# The Average 16-Year-Old's Room



## thelub (Jan 4, 2013)

Wow that's awesome. And this is coming from someone almost twice you age. Keep up the good work! Phones and snap chat is overrated. I'm sure you get far more satisfaction from your room projects than the majority of kids your age. 

And go thank your parents for being so supporting and understanding


----------



## Aqualady (Jan 14, 2013)

Niceee, well done!


----------



## jmf3460 (Aug 21, 2013)

keep it up! I taught high school for 5 years and there aren't many kids that are in to things like this, believe me I would have known. This could turn into a career for you someday so learn as much as you possibly can.


----------



## jbig (Jul 13, 2012)

kudos to you, my friend.

keep up the awesome work.


----------



## Bushkill (Feb 15, 2012)

My room was all of 8' X 10' when I was 16 and still managed to cram a few tanks in there. That stuff is amazing! What species of orchid do you have in the vivarium?


----------



## The Trigger (May 9, 2012)

Wow very impressive setups!


----------



## PlantedRich (Jul 21, 2010)

Very nice! While it would be nice to actually walk up to the folks and say , Thanks, they are very likely to be aware of how lucky they are in all this.

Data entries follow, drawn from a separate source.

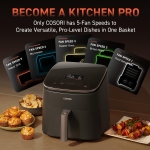 COSORI Air Fryer 9-in-1, Compact & Large 6-Qt, Fast Turbo Modes, 90°–450°F Even Results With Precise Temperature Control, Up to 95% Less Oil*, Roast, Bake, Dry, Reheat, Frozen, Broil, Proof, Grey - Image 6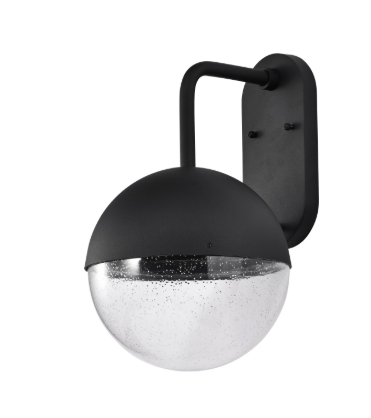 Nuvo 62-1618 Atmosphere; 10W LED; Large Wall Lantern; Matte Black with Clear Seeded Glass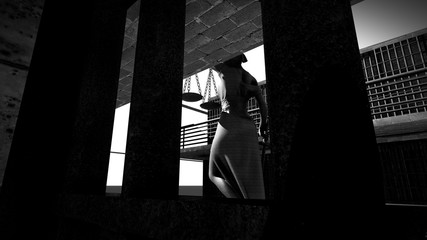 Prison bars and a hallway 3d rendering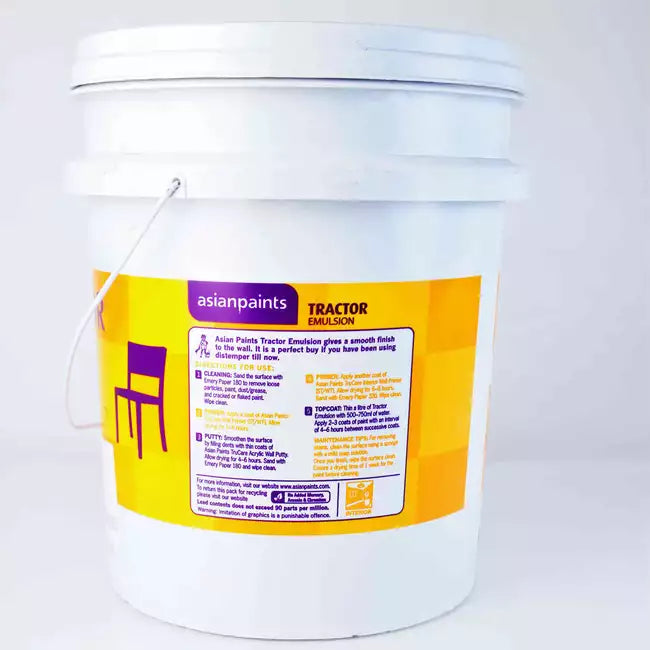 Bring a fresh splash of color to your home with a genuine shade of Asian Paints Tractor Emulsion. Fast 60-min delivery in Bengaluru.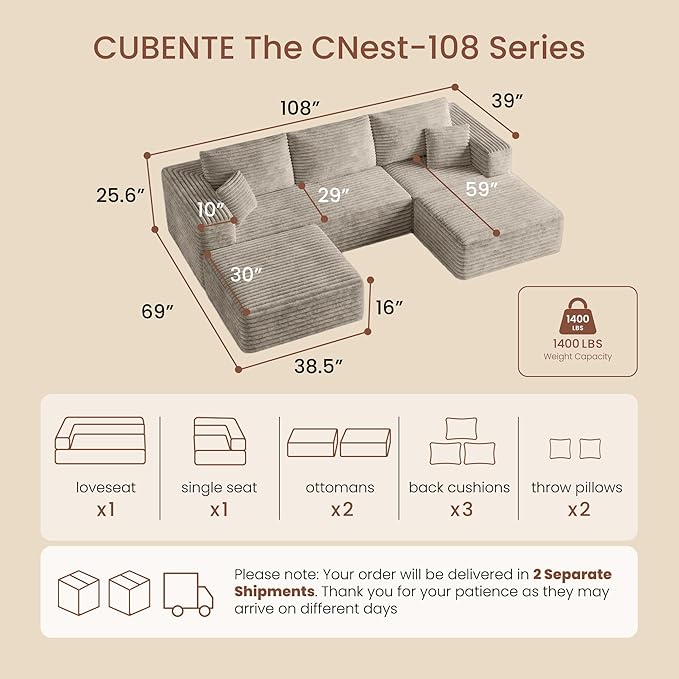Modular Sectional Sofa | 108 Cloud Couch with Cozy Textured CorduroyU-Shaped Boneless Couch Pit SofaHigh-Density Foam Convertible Floor Couch for Home1400lbs Support | Oat Beige | 2 Manageable Box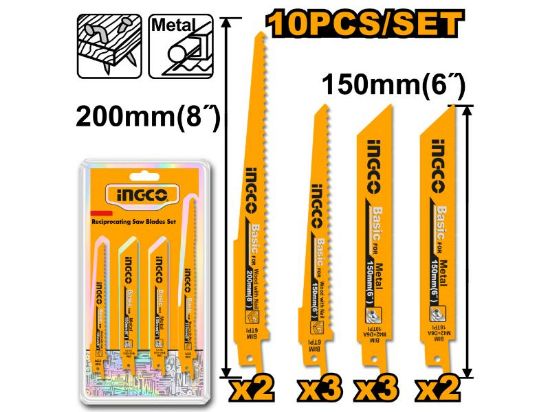 10Pcs Reciprocating Saw Blade Set for Wood & Metal – INGCO RSB1001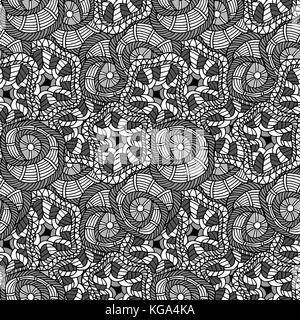 Nahtlose floral doodle Hintergrund Muster in Vektor. design Asiatische, ethnische, Tribal Muster. schwarzen und weißen Hintergrund. Malbuch. Kunst Stock Vektor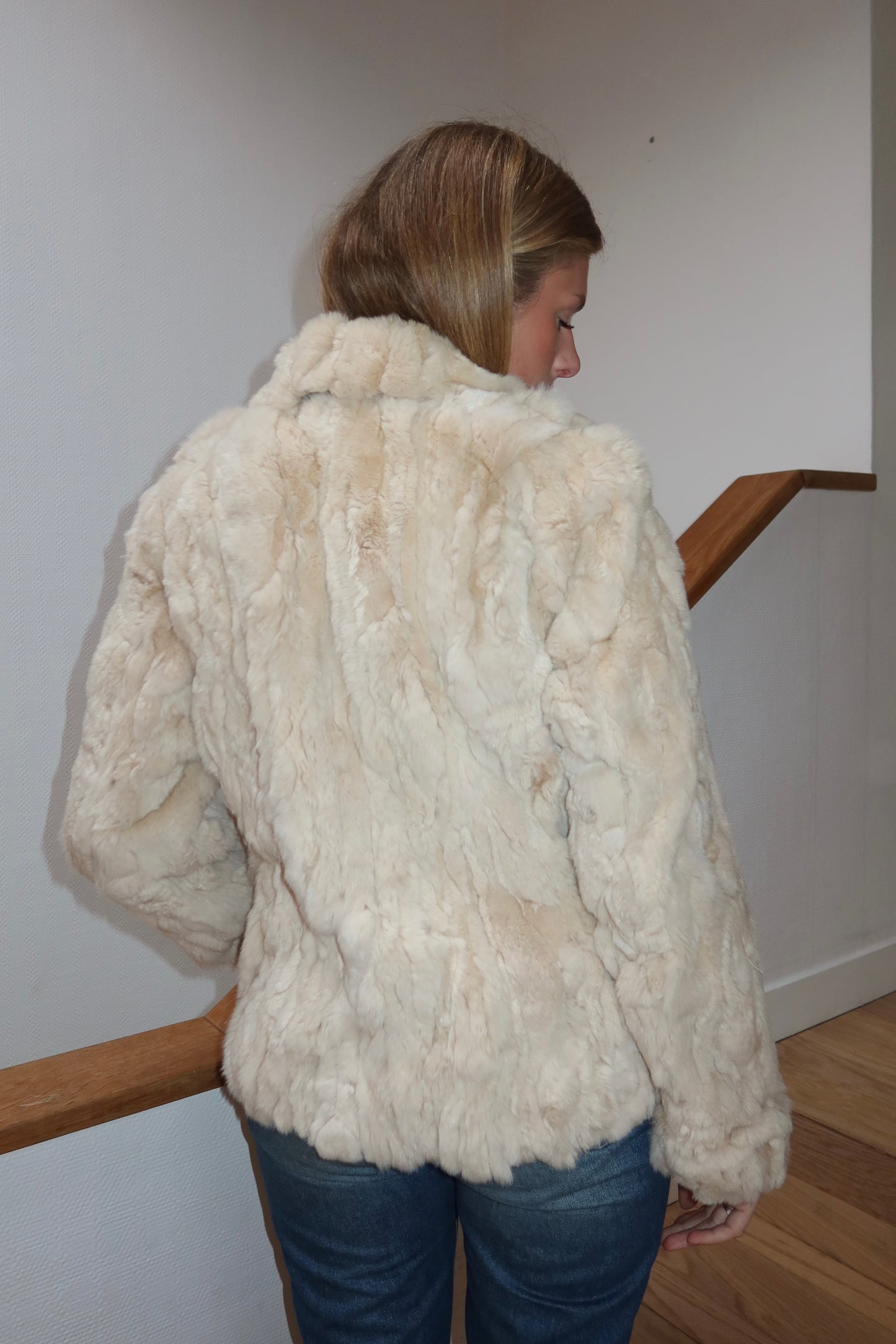 Veste en fourrure écrue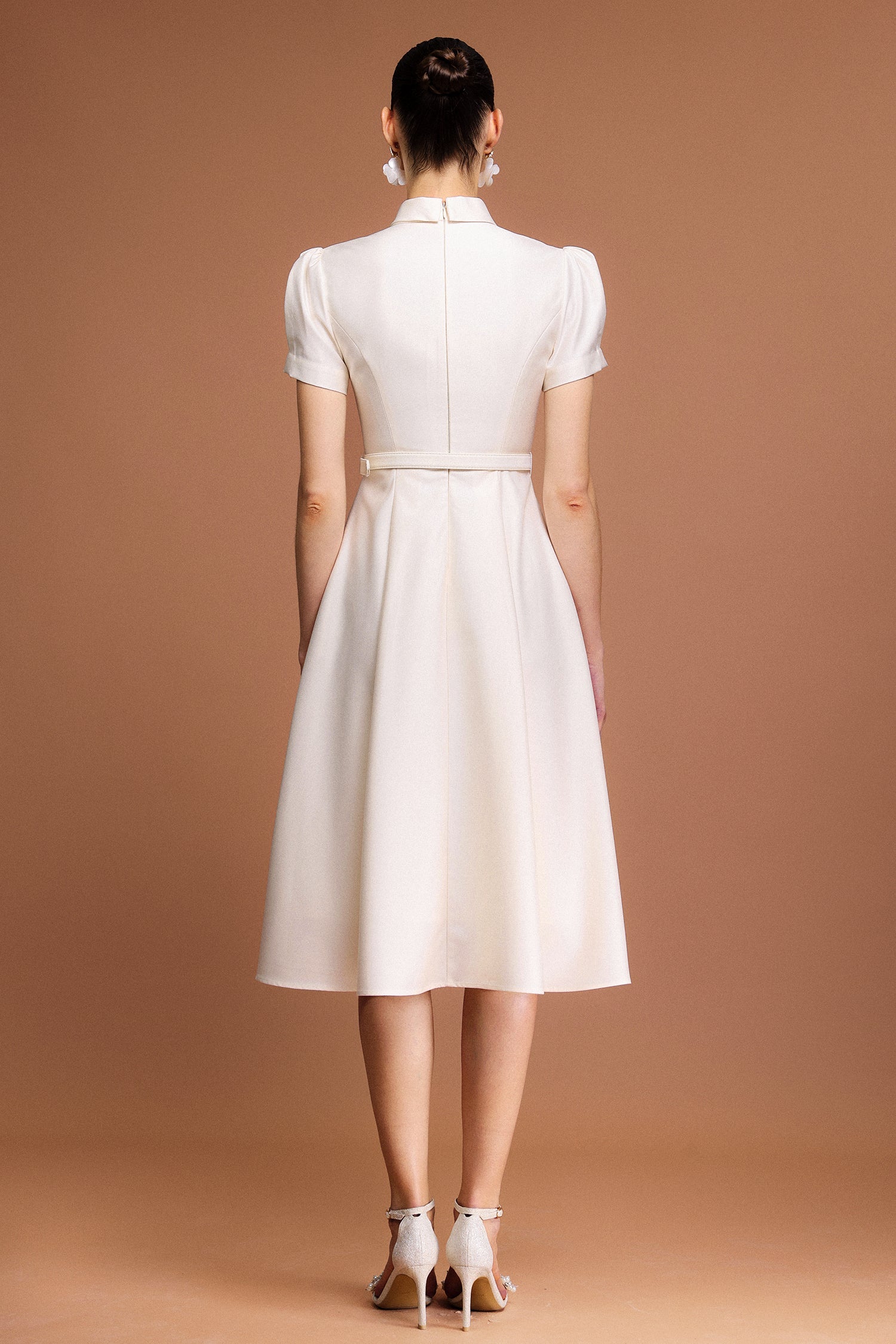 Josephine Short Sleeves Diamond Midi Dress Avalabel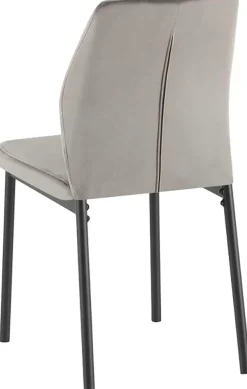 OTTO home Esszimmerstuhl »Nora« (Set) 4 Stk.moderne Samtstühle mit Kontrastnähten und schwarzem Metallgestell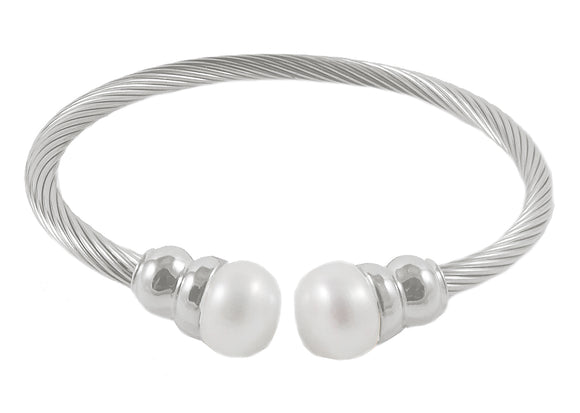 Stainless Steel Cable FW Pearl Bracelet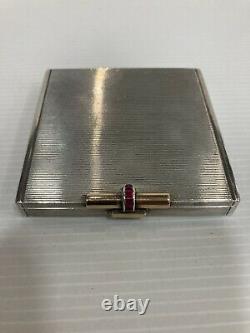 Ancien Poudrier Argent Massif Rubis Art Deco Silver Powder Compact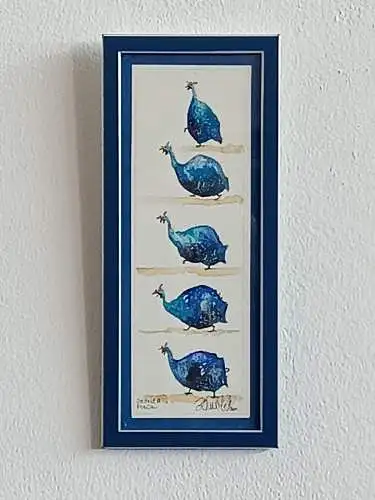 H138-Gemälde-Bild-Tierbild-Tiergemälde-Aquarell-Vogelstudie-Serie 1 von 3-gerahm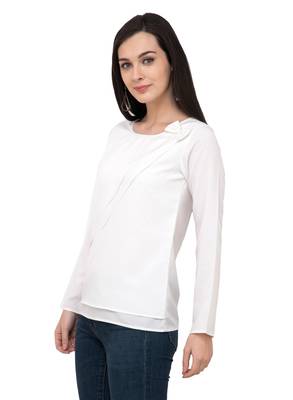 White plain crepe tops 2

Too bad the young that really DO something don't get as much play as the HULK, the JOCK and the doper! 
Carry on, you are far ahead of me!


----------



## creekbottom (Apr 5, 2012)

The next time you ask the rents for something, go for non-carpet flooring lol!

Nice work!!


----------



## Lowe (Nov 11, 2011)

White Soxs decor + multiple Finnex fixtures = my new best friend.


----------



## colaudrey (Oct 4, 2013)

i'm at school right now, lunch time is my favorite TPT browsing time. i can't see the pictures because of school block, but just the descriptions sound amazing! i'm 17 and have 2 fw aquariums running right now, and a lowtech shrimp container. i'm gonna set up a 10g and 20g long within the next couple months. I wish there we're more people locally around my age that i could discuss this kinda stuff with, but chatting with older and informed people is great too!


----------



## DaveDe (Jan 12, 2014)

Good stuff. I've always had a great many hobbies and interests. 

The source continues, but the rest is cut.